A recent study led by the University of York suggests that the prolonged social isolation and changes in work opportunities during UK’s first lockdown in 2020 were linked with fundamental changes in people’s thought patterns, including disruptions in future-oriented thinking, as well as a pointed decrease in thinking about other people. 

In order to understand the effects of social isolation on cognitive patterns, researchers texted study participants at random times during a period of one week to ask them what they were thinking about. Afterwards, they compared the data they gathered to a similar dataset they had collected before the lockdown.
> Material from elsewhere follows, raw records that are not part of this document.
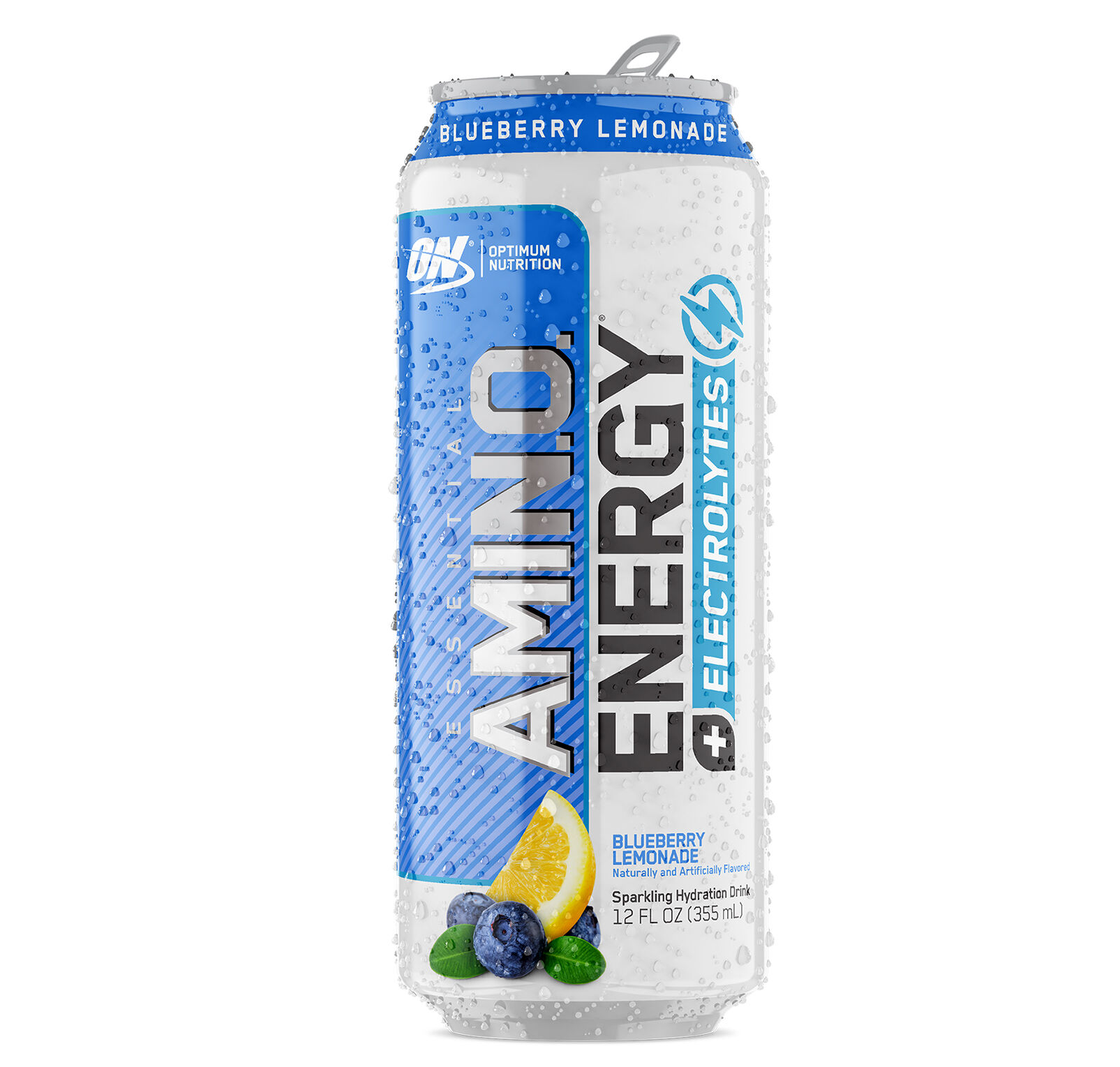 Amino-energy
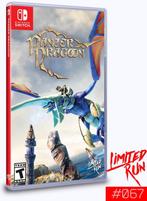 Panzer Dragoon (limited run games), Verzenden, Nieuw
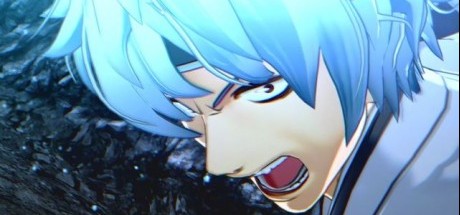 《银魂乱舞》中文版将与日本同步发售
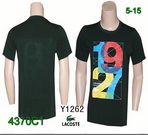 LA Brand Man T Shirt LABMTS114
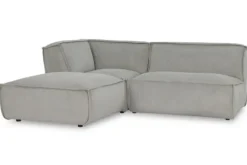 Elementen Banken|Hoekbanken-Easy Lifestyle Hoek bank Candy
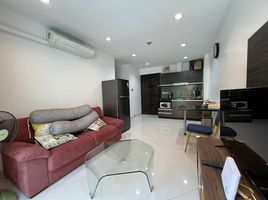 Studio Appartement zu verkaufen im Park Lane Jomtien, Nong Prue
“Anecdotally people have reported changes in aspects of their mental lives brought about by the pandemic, such as changes in what occupies their thoughts or dreams. Our study is the first to actually document the systematic changes that have occurred in thinking patterns during this unprecedented time,” said study co-author Giulia Poerio, a lecturer in Psychology at the University of Essex.

The researchers found that future thinking was significantly reduced during lockdown and seemed to occur at pre-lockdown levels only when people were engaged in work. 

According to lead author Brontë McKeown, a PhD student in the Department of Psychology at the University of York, future thinking is generally associated with positive mental health outcomes. Thus, “the fact that this type of thinking was reduced in lockdown may help explain some of the negative emotional changes documented during this time.”

Moreover, social thoughts also seemed to diminish substantially during periods of isolation. These findings suggest that how much we think about other people depends on how much time we spend with them. 

“During prolonged periods of physical isolation, we reduce the amount of time we think about others and when we do get to engage in social interaction, that promotes a bigger increase in our social thoughts,” explained McKeown.

“Our findings are exciting because they show how important our external environment and social interactions are for shaping what is going on internally and suggest that changing our external world could be one way of changing the (mal)adaptive thought patterns that make up so much of our waking lives,” concluded Dr. Poerio.

The study is published in the journal Proceedings of the National Academy of Sciences.